TASK STATEMENT
Copy everything in the records exactly; the pictures stay out.

==============================

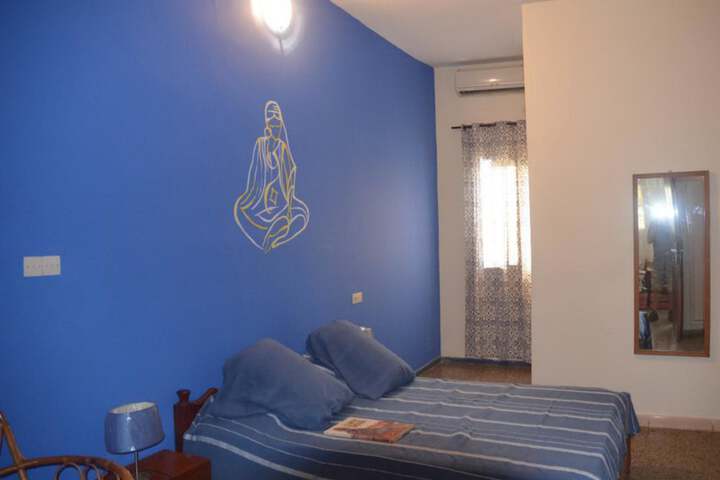 Room 11 of 69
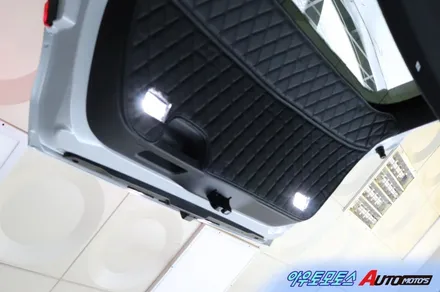 ★서울자동차튜닝★2020 XM3 트렁크우측DIY 작업과 트렁크 우측 DIY 작업과 트렁크 도어등 DIY작업했습니다.더욱더완벽해진내차 좋아요!!§§아우토모토스§§ / 서울 중랑구
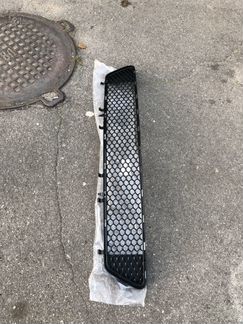 Решетка в бампер Mercedes E212 AMG до рест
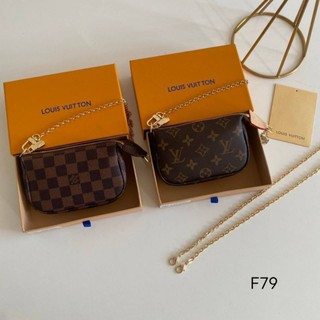 Louis vuitton Mini Pochette Accessories พร๊อพเพอร์ตี้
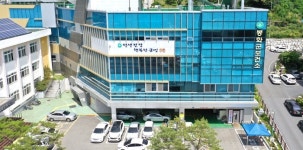 [경북 브리핑 모음 (3월5일)] 경북도 구미 소재 일성컴파짓(주), JEC WORLD 2025 혁신상 수상 등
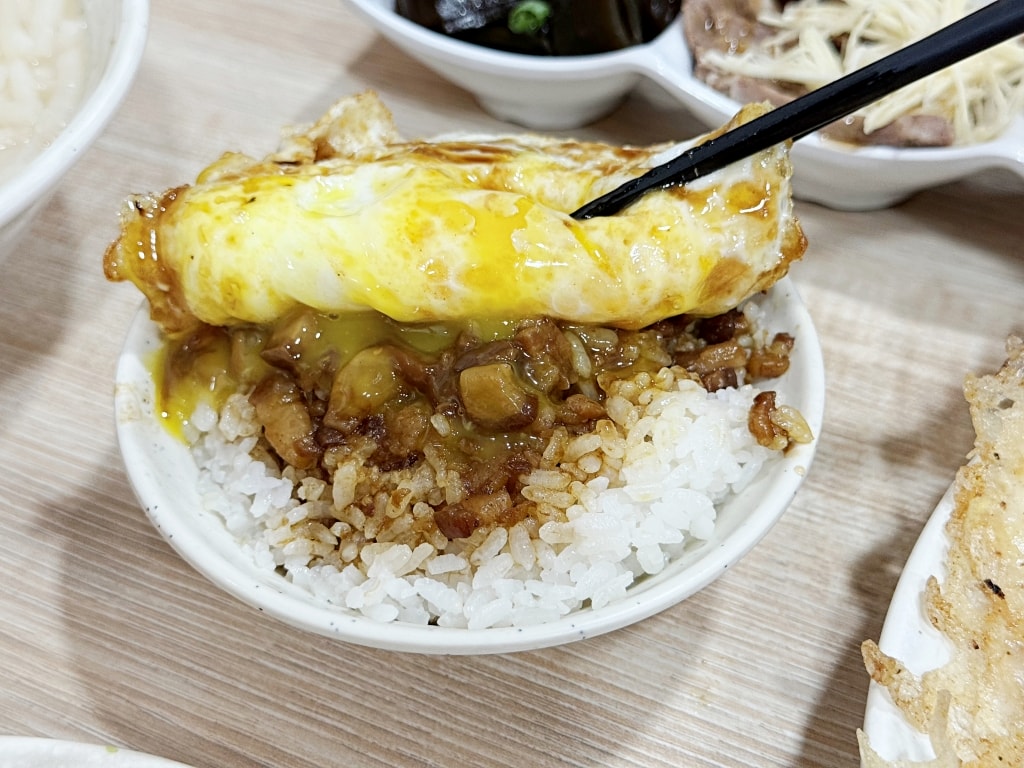 【美食】新北中和「中和米粉湯」永安市場美食推薦，在地人最愛宵夜美食!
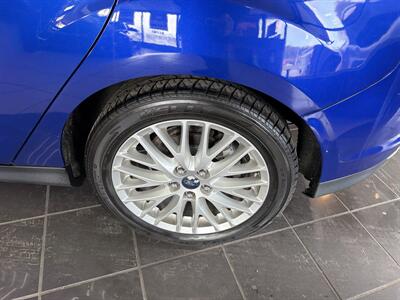 2013 Ford Focus Titanium 4DR HATCHBACK   - Photo 31 - Hamilton, OH 45015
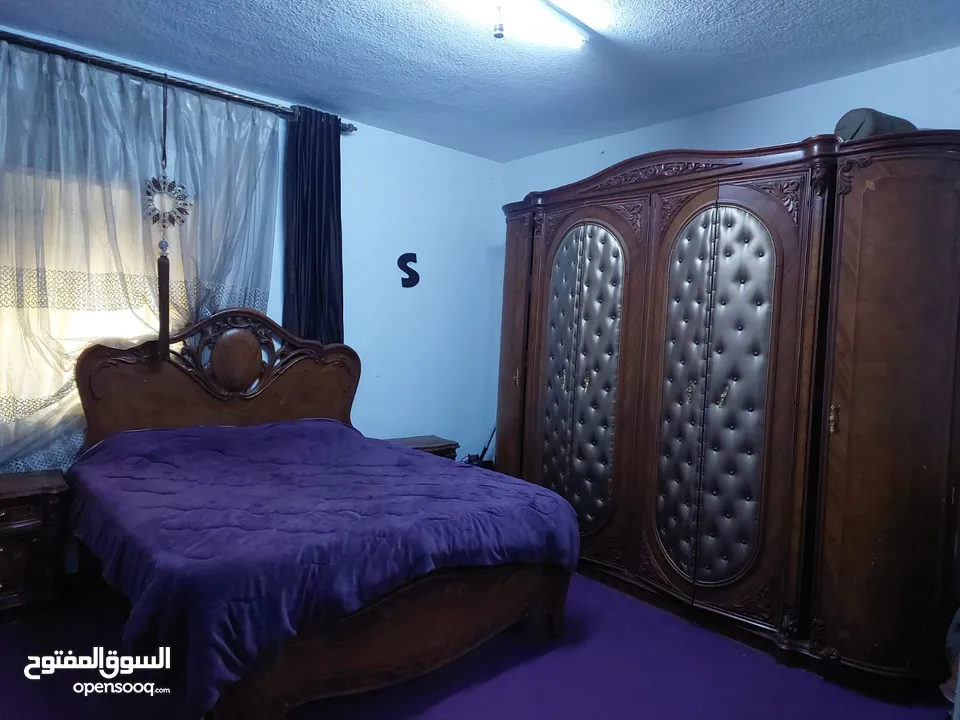 شقه ارضيه للبيع كاش او اقساط عن طريق البنك العربي الإسلامي الدولي في عمان حي نزال على الشارع الرئيسي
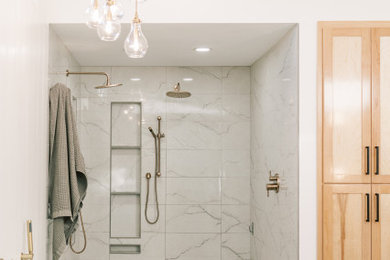 Inspiration for a modern bathroom remodel in Kansas City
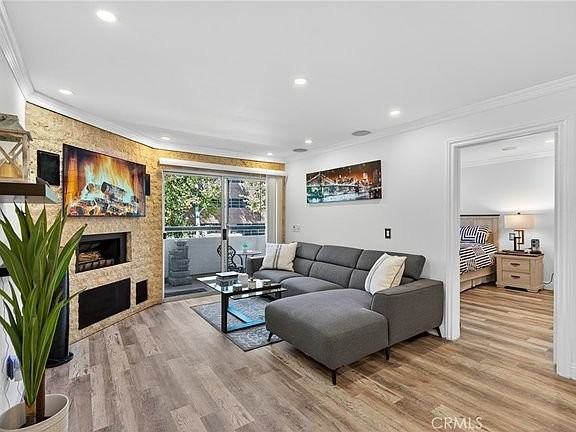 5550 Owensmouth Ave #33 - Photo 3 of 19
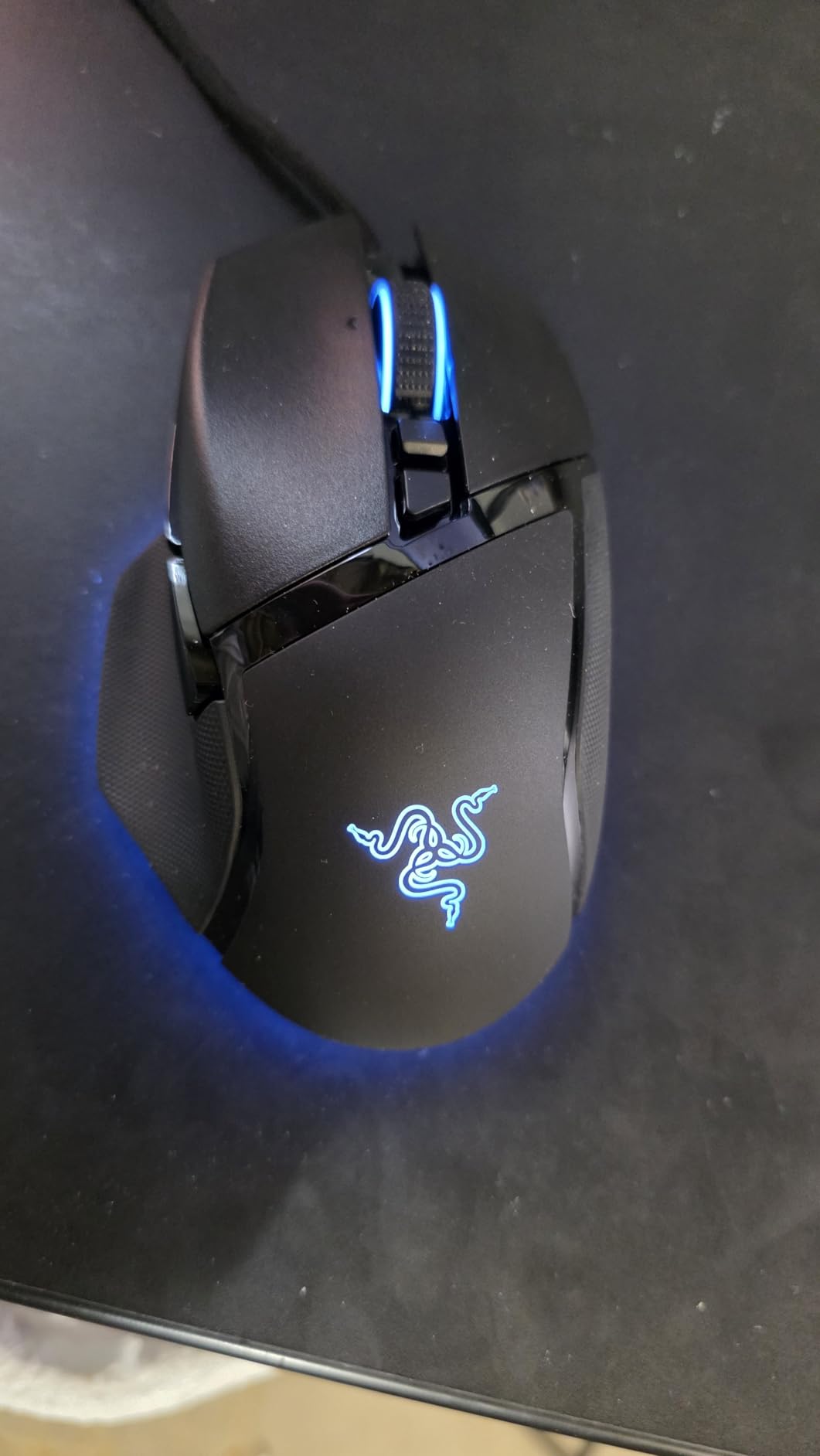 Razer Basilisk V3 Customizable Ergonomic Gaming Mouse: Fastest Gaming Mouse Switch - Chroma RGB Lighting - 26K DPI Optical Sensor - 11 Programmable Buttons - HyperScroll Tilt Wheel - Classic Black - Customer Photo 1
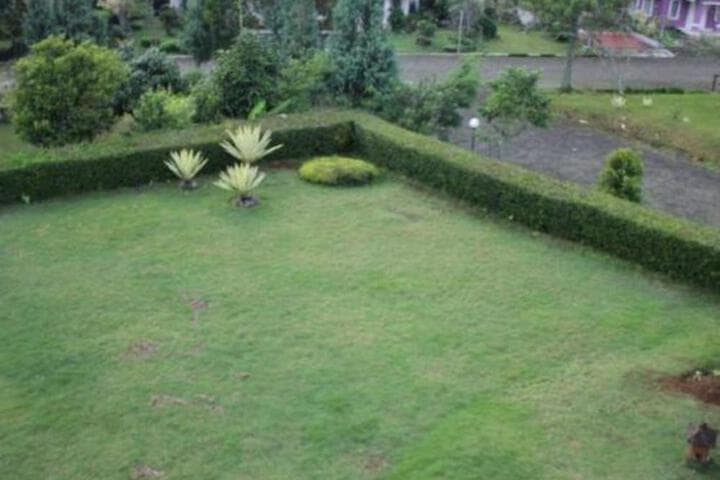 Villa Sophia Cimacan Puncak photo 5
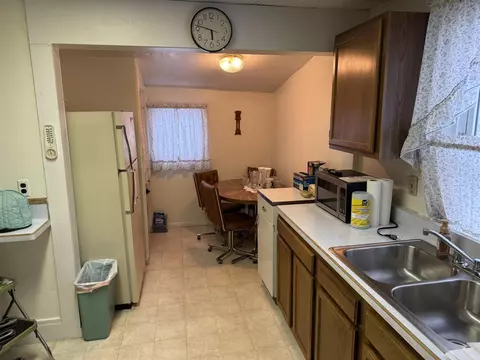 Kitchen - 833 Backus, Jackson, MI 49202 photo 1 of 3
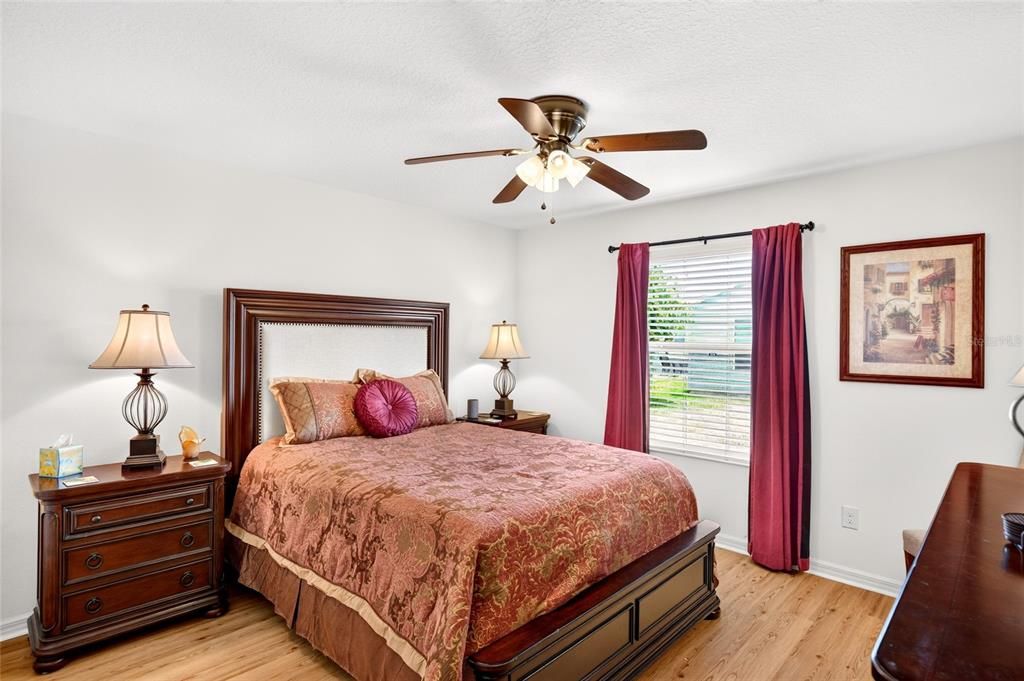 For Sale: $265,000 (2 beds, 2 baths, 1156 Square Feet)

==============================

THE COMPLETED TASK
 Room 11 of 69
 ★서울자동차튜닝★2020 XM3 트렁크우측DIY 작업과 트렁크 우측 DIY 작업과 트렁크 도어등 DIY작업했습니다.더욱더완벽해진내차 좋아요!!§§아우토모토스§§ / 서울 중랑구
 Решетка в бампер Mercedes E212 AMG до рест
 Louis vuitton Mini Pochette Accessories พร๊อพเพอร์ตี้
 [경북 브리핑 모음 (3월5일)] 경북도 구미 소재 일성컴파짓(주), JEC WORLD 2025 혁신상 수상 등
 【美食】新北中和「中和米粉湯」永安市場美食推薦，在地人最愛宵夜美食!
 2013 Ford Focus Titanium 4DR HATCHBACK   - Photo 31 - Hamilton, OH 45015
 شقه ارضيه للبيع كاش او اقساط عن طريق البنك العربي الإسلامي الدولي في عمان حي نزال على الشارع الرئيسي
 Inspiration for a modern bathroom remodel in Kansas City
 5550 Owensmouth Ave #33 - Photo 3 of 19
 Razer Basilisk V3 Customizable Ergonomic Gaming Mouse: Fastest Gaming Mouse Switch - Chroma RGB Lighting - 26K DPI Optical Sensor - 11 Programmable Buttons - HyperScroll Tilt Wheel - Classic Black - Customer Photo 1
 Villa Sophia Cimacan Puncak photo 5
 Kitchen - 833 Backus, Jackson, MI 49202 photo 1 of 3
 For Sale: $265,000 (2 beds, 2 baths, 1156 Square Feet)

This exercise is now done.